• _EXERCISE_
Please copy out every line of the data word for word.

(Short web captions)
▼
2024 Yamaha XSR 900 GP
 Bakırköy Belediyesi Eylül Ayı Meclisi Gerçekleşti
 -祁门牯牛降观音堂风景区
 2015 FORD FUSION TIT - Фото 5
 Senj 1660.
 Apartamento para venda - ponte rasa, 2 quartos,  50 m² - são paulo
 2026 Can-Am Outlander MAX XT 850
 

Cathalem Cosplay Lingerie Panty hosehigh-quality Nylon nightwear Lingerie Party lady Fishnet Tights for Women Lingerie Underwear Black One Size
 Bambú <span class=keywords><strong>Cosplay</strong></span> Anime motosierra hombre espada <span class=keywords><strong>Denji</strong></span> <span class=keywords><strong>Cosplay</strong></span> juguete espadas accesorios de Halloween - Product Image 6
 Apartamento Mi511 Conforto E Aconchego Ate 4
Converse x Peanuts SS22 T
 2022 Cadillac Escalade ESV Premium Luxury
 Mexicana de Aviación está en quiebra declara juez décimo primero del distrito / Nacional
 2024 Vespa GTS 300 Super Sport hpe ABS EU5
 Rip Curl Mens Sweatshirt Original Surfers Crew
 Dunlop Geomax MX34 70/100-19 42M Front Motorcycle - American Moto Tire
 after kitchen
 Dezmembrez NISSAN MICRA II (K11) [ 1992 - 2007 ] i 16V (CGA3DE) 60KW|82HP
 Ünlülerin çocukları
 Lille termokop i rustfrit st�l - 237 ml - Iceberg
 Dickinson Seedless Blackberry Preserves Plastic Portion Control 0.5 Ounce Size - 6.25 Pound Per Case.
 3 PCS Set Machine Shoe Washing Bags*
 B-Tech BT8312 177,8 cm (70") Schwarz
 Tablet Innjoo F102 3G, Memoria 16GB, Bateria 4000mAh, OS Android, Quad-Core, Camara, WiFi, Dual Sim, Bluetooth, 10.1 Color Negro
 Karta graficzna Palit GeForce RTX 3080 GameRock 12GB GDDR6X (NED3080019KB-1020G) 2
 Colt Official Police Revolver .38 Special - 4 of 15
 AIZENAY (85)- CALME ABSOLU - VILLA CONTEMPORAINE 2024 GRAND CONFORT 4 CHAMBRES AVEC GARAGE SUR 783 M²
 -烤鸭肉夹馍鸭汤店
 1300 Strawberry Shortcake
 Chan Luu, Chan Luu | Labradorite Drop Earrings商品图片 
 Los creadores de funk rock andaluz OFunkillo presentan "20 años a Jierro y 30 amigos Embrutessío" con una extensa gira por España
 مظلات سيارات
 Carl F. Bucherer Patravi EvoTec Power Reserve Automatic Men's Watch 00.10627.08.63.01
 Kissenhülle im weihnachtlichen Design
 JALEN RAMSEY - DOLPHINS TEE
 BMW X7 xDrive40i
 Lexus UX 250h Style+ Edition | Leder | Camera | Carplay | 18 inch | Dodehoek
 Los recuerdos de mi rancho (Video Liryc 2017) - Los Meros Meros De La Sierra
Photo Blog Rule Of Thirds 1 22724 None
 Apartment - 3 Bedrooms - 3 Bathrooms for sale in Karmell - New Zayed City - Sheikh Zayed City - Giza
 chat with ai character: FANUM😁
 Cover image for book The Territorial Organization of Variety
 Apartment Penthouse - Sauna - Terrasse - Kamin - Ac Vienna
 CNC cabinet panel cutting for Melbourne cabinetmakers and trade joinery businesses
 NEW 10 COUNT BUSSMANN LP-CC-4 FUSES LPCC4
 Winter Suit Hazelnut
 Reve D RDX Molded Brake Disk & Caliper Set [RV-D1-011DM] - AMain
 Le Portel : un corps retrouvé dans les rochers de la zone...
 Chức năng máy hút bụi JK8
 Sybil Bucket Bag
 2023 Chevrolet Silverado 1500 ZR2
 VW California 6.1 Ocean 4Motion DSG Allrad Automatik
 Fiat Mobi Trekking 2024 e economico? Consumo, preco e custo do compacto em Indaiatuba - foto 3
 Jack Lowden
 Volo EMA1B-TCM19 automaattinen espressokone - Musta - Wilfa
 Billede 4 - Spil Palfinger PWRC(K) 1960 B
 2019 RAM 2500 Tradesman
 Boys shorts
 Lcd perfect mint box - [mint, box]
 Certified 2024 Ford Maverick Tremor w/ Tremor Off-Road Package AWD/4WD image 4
▲
• _SOLUTION TO THE EXERCISE_
2024 Yamaha XSR 900 GP
 Bakırköy Belediyesi Eylül Ayı Meclisi Gerçekleşti
 -祁门牯牛降观音堂风景区
 2015 FORD FUSION TIT - Фото 5
 Senj 1660.
 Apartamento para venda - ponte rasa, 2 quartos,  50 m² - são paulo
 2026 Can-Am Outlander MAX XT 850
 

Cathalem Cosplay Lingerie Panty hosehigh-quality Nylon nightwear Lingerie Party lady Fishnet Tights for Women Lingerie Underwear Black One Size
 Bambú <span class=keywords><strong>Cosplay</strong></span> Anime motosierra hombre espada <span class=keywords><strong>Denji</strong></span> <span class=keywords><strong>Cosplay</strong></span> juguete espadas accesorios de Halloween - Product Image 6
 Apartamento Mi511 Conforto E Aconchego Ate 4
Converse x Peanuts SS22 T
 2022 Cadillac Escalade ESV Premium Luxury
 Mexicana de Aviación está en quiebra declara juez décimo primero del distrito / Nacional
 2024 Vespa GTS 300 Super Sport hpe ABS EU5
 Rip Curl Mens Sweatshirt Original Surfers Crew
 Dunlop Geomax MX34 70/100-19 42M Front Motorcycle - American Moto Tire
 after kitchen
 Dezmembrez NISSAN MICRA II (K11) [ 1992 - 2007 ] i 16V (CGA3DE) 60KW|82HP
 Ünlülerin çocukları
 Lille termokop i rustfrit st�l - 237 ml - Iceberg
 Dickinson Seedless Blackberry Preserves Plastic Portion Control 0.5 Ounce Size - 6.25 Pound Per Case.
 3 PCS Set Machine Shoe Washing Bags*
 B-Tech BT8312 177,8 cm (70") Schwarz
 Tablet Innjoo F102 3G, Memoria 16GB, Bateria 4000mAh, OS Android, Quad-Core, Camara, WiFi, Dual Sim, Bluetooth, 10.1 Color Negro
 Karta graficzna Palit GeForce RTX 3080 GameRock 12GB GDDR6X (NED3080019KB-1020G) 2
 Colt Official Police Revolver .38 Special - 4 of 15
 AIZENAY (85)- CALME ABSOLU - VILLA CONTEMPORAINE 2024 GRAND CONFORT 4 CHAMBRES AVEC GARAGE SUR 783 M²
 -烤鸭肉夹馍鸭汤店
 1300 Strawberry Shortcake
 Chan Luu, Chan Luu | Labradorite Drop Earrings商品图片 
 Los creadores de funk rock andaluz OFunkillo presentan "20 años a Jierro y 30 amigos Embrutessío" con una extensa gira por España
 مظلات سيارات
 Carl F. Bucherer Patravi EvoTec Power Reserve Automatic Men's Watch 00.10627.08.63.01
 Kissenhülle im weihnachtlichen Design
 JALEN RAMSEY - DOLPHINS TEE
 BMW X7 xDrive40i
 Lexus UX 250h Style+ Edition | Leder | Camera | Carplay | 18 inch | Dodehoek
 Los recuerdos de mi rancho (Video Liryc 2017) - Los Meros Meros De La Sierra
Photo Blog Rule Of Thirds 1 22724 None
 Apartment - 3 Bedrooms - 3 Bathrooms for sale in Karmell - New Zayed City - Sheikh Zayed City - Giza
 chat with ai character: FANUM😁
 Cover image for book The Territorial Organization of Variety
 Apartment Penthouse - Sauna - Terrasse - Kamin - Ac Vienna
 CNC cabinet panel cutting for Melbourne cabinetmakers and trade joinery businesses
 NEW 10 COUNT BUSSMANN LP-CC-4 FUSES LPCC4
 Winter Suit Hazelnut
 Reve D RDX Molded Brake Disk & Caliper Set [RV-D1-011DM] - AMain
 Le Portel : un corps retrouvé dans les rochers de la zone...
 Chức năng máy hút bụi JK8
 Sybil Bucket Bag
 2023 Chevrolet Silverado 1500 ZR2
 VW California 6.1 Ocean 4Motion DSG Allrad Automatik
 Fiat Mobi Trekking 2024 e economico? Consumo, preco e custo do compacto em Indaiatuba - foto 3
 Jack Lowden
 Volo EMA1B-TCM19 automaattinen espressokone - Musta - Wilfa
 Billede 4 - Spil Palfinger PWRC(K) 1960 B
 2019 RAM 2500 Tradesman
 Boys shorts
 Lcd perfect mint box - [mint, box]
 Certified 2024 Ford Maverick Tremor w/ Tremor Off-Road Package AWD/4WD image 4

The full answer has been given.